The Good Life is an unreleased American crime comedy film, written and directed by Alan Mehrez (who replaced original director Barry Samson), and starring Frank Stallone. The film is about three men who move from New Jersey to Miami; two of them end up killing the third.

Because of numerous production problems, the independent project shoot was moved from Miami to Mexico. The film was never released commercially due to legal action initiated by Sylvester Stallone, who did a cameo in the film as a favor to his brother. He claims that a promotion reel used his scene excessively, therefore was promoting him as the star, instead of the cameo that he had agreed upon. He sued for $20 million; his average salary at the time.
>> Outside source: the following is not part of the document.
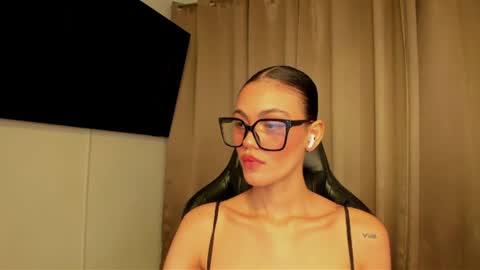 Keily brox online show from August 8, 10:43 pm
The producers countersued, and, in 1999, the case was settled out of court.

==Plot==
Three guys move from New Jersey to Miami and two of them end up killing the third.

==Production==
The budget of this independent film was around 5 million dollars. The project began production in March 1997. Filming took place between April and June of the same year, in Los Angeles. The director at the start of the project was Barry Samson, who left and was replaced by screenwriter and producer Alan Mehrez; Samson is not credited in the film.
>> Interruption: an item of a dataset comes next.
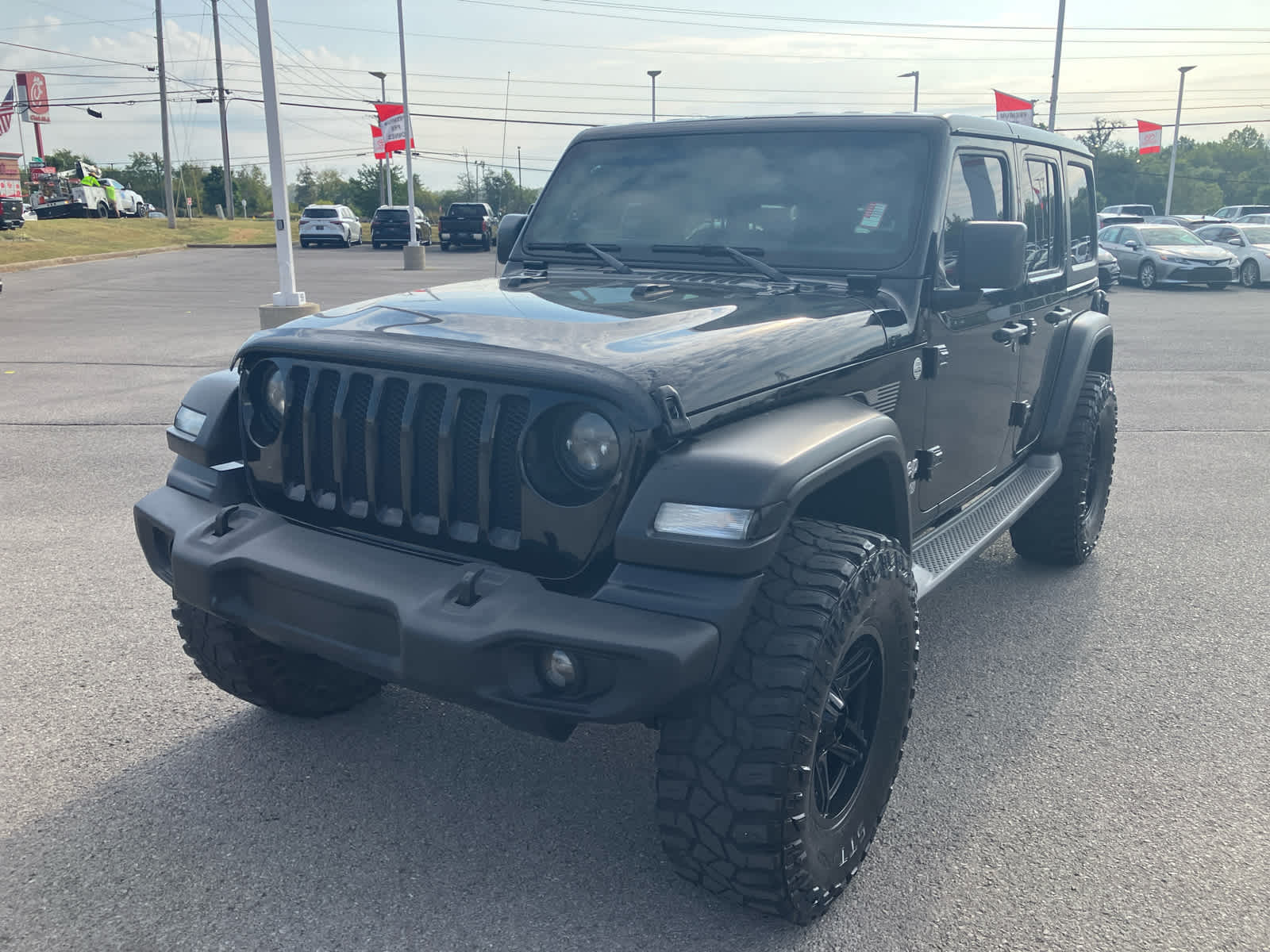 2019 Jeep Wrangler Unlimited Sport S photo 3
The presence of Sylvester Stallone in the film was limited to a simple cameo, a favor he, along with his brother Frank, the protagonist of the film, made to the siblings Alan and Diane Mehrez, producers of the film. The problems arose when the Mehrez siblings promoted the film as soon as the shooting was over, as if Stallone were the protagonist; the plaintiff sued the two producers and the distribution of the film was thus blocked. The film was canceled and still remains unpublished, as Stallone asked for 20 million dollars to let the film be distributed with its leading name, his average salary during that period.

==Release==
Only one video remains of the film that the production company DEM Films has broadcast through the CNN channel.